Re: [PATCH v13 02/12] bcache: initialize the nvm pages allocator

Coly Li <colyli@xxxxxxx> · Tue, 28 Dec 2021 13:29:18 +0800

Hi Jens,

Thank you for review the patches. I was in travel for a week when you 
replied the email and after the travel I was sick for one more week. 
Just being able to sit in front of my laptop now.

I reply inline bellow your comments.

On 12/13/21 3:34 AM, Jens Axboe wrote:
On 12/12/21 10:05 AM, Coly Li wrote:

diff --git a/drivers/md/bcache/nvmpg.c b/drivers/md/bcache/nvmpg.c
new file mode 100644
index 000000000000..b654bbbda03e
--- /dev/null
+++ b/drivers/md/bcache/nvmpg.c
@@ -0,0 +1,340 @@
+// SPDX-License-Identifier: GPL-2.0
+/*
+ * Nvdimm page-buddy allocator
+ *
+ * Copyright (c) 2021, Intel Corporation.
+ * Copyright (c) 2021, Qiaowei Ren<qiaowei.ren@xxxxxxxxx>.
+ * Copyright (c) 2021, Jianpeng Ma<jianpeng.ma@xxxxxxxxx>.
+ */
+
+#include "bcache.h"
+#include "nvmpg.h"
+
+#include <linux/slab.h>
+#include <linux/list.h>
+#include <linux/mutex.h>
+#include <linux/dax.h>
+#include <linux/pfn_t.h>
+#include <linux/libnvdimm.h>
+#include <linux/mm_types.h>
+#include <linux/err.h>
+#include <linux/pagemap.h>
+#include <linux/bitmap.h>
+#include <linux/blkdev.h>
+
[snipped]
+	expected_csum = csum_set(sb);
+	if (expected_csum != sb->csum) {
+		pr_info("csum is not match with expected one\n");
"Checksum mismatch"

Copied, it will be fixed.


would be more correct english, should it print the checksums as well?

This is the style following bcache code to report bad check sum, like,
super.c:718:                pr_warn("bad csum reading priorities\n");
journal.c:141:                pr_info("%u: bad csum, %zu bytes, offset 
%u\n",

There might be fine to only notice the bad csum status.

+		goto put_page;
+	}
+
+	if (memcmp(sb->magic, bch_nvmpg_magic, 16)) {
+		pr_info("invalid bch_nvmpg_magic\n");
+		goto put_page;
+	}
+
+	if (sb->sb_offset !=
+	    BCH_NVMPG_OFFSET(sb->this_ns, BCH_NVMPG_SB_OFFSET)) {
+		pr_info("invalid superblock offset 0x%llx\n", sb->sb_offset);
+		goto put_page;
+	}
+
+	r = -EOPNOTSUPP;
+	if (sb->total_ns != 1) {
+		pr_info("multiple name space not supported yet.\n");
+		goto put_page;
+	}
Please use namespace consistently.

Copied, it will be fixed.

+struct bch_nvmpg_ns *bch_register_namespace(const char *dev_path)
+{
+	struct bch_nvmpg_ns *ns = NULL;
+	struct bch_nvmpg_sb *sb = NULL;
+	char buf[BDEVNAME_SIZE];
+	struct block_device *bdev;
+	pgoff_t pgoff;
+	int id, err;
+	char *path;
+	long dax_ret = 0;
+
+	path = kstrndup(dev_path, 512, GFP_KERNEL);
+	if (!path) {
+		pr_err("kstrndup failed\n");
+		return ERR_PTR(-ENOMEM);
+	}
Really don't think we need that piece of information.

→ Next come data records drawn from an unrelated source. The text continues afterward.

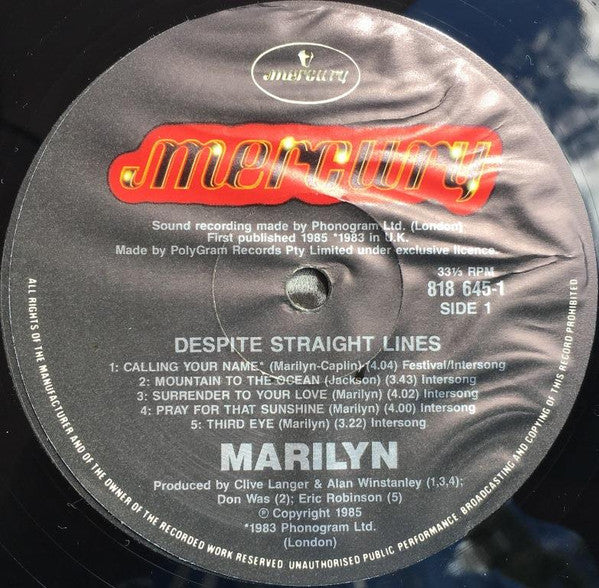 Marilyn – Despite Straight Lines LP vinyl record, image 3 of 4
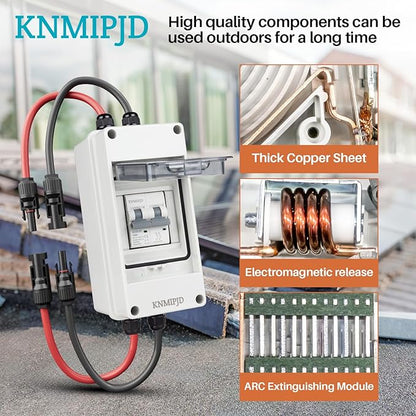 Solar Panel Disconnect Switch 10A 2P 400V Dc/AC Breaker Disconnect Box Outdoor Breaker Box Suitable for photovoltaic and Wind Energy Home Battery Systems (30 Amps)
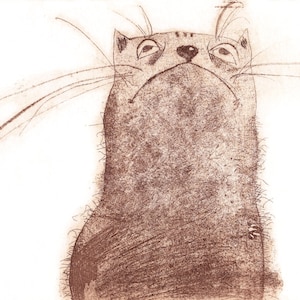 Etching - cat etching - cat art - printmaking - fine art etching - original etching - original art - &#39;The Cat&#39;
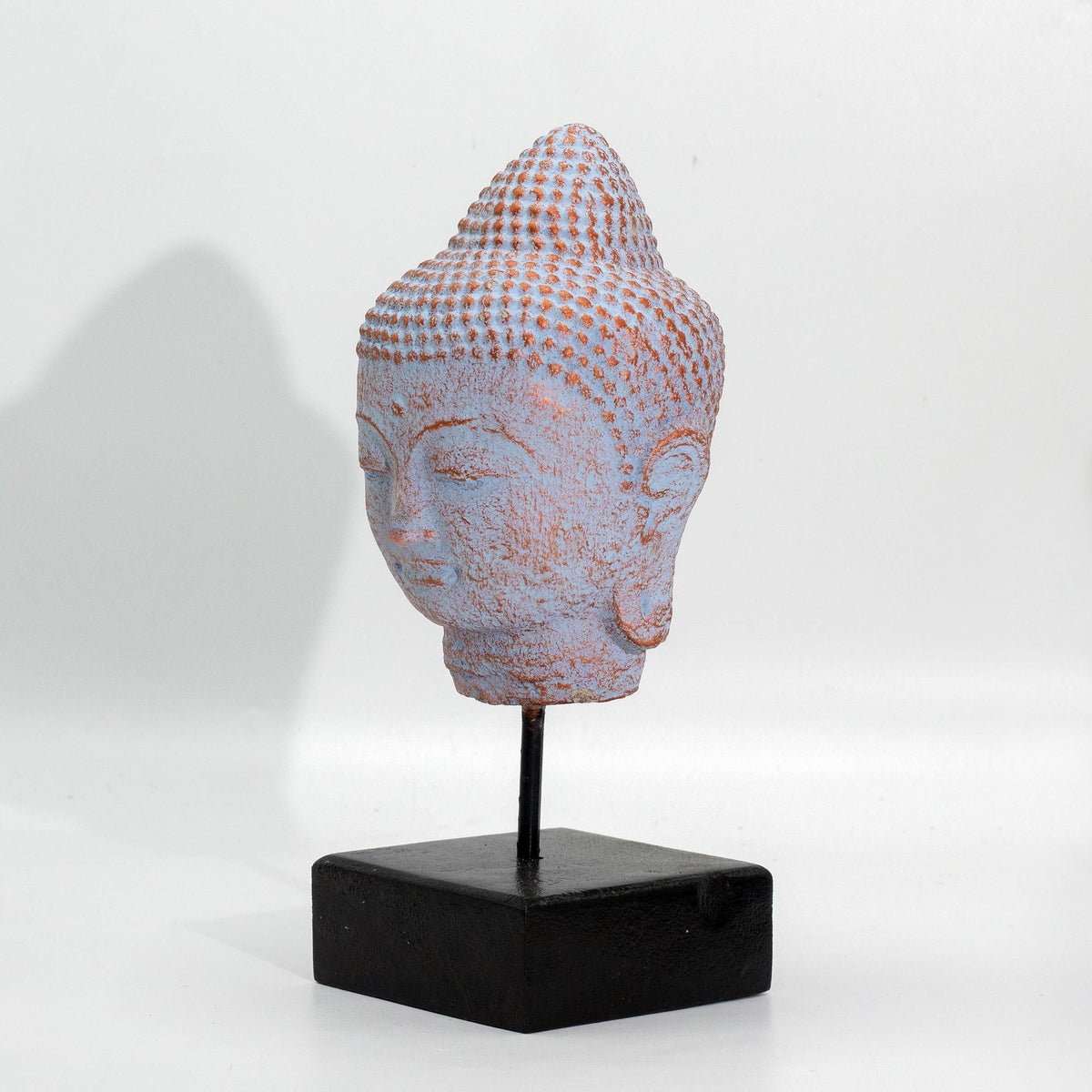 Stillness Buddha Head on Stand - Blue Copper product image 3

Same for a lot of
other places, you have a ton of pr_err() stuff that looks mostly like
debugging.

Hmm, I think I need your guidance here. When I review the code, IMHO the 
error message is necessary but don't print them in run time code. Such 
place is in NVDIMM namespace registration code path, therefore I 
accepted it. This is what I was trained for long time....

Could you please give me some hint to judge whether a printk message 
should be avoided? Then I will use it in future code review and my own 
coding work.


+	ns->page_size = sb->page_size;
+	ns->pages_offset = sb->pages_offset;
+	ns->pages_total = sb->pages_total;
+	ns->sb = sb;
+	ns->free = 0;
+	ns->bdev = bdev;
+	ns->set = global_nvmpg_set;
+
+	err = attach_nvmpg_set(ns);
+	if (err < 0)
+		goto free_ns;
+
+	mutex_init(&ns->lock);
+
+	err = init_nvmpg_set_header(ns);
+	if (err < 0)
+		goto free_ns;
Does this error path need to un-attach?

Detach or un-attach is not implemented in this series, because it is 
related to how to flush the whole NVDIMM namespace during un-attach. It 
is planed to posted with the NVDIMM support for Bcache B+tree node.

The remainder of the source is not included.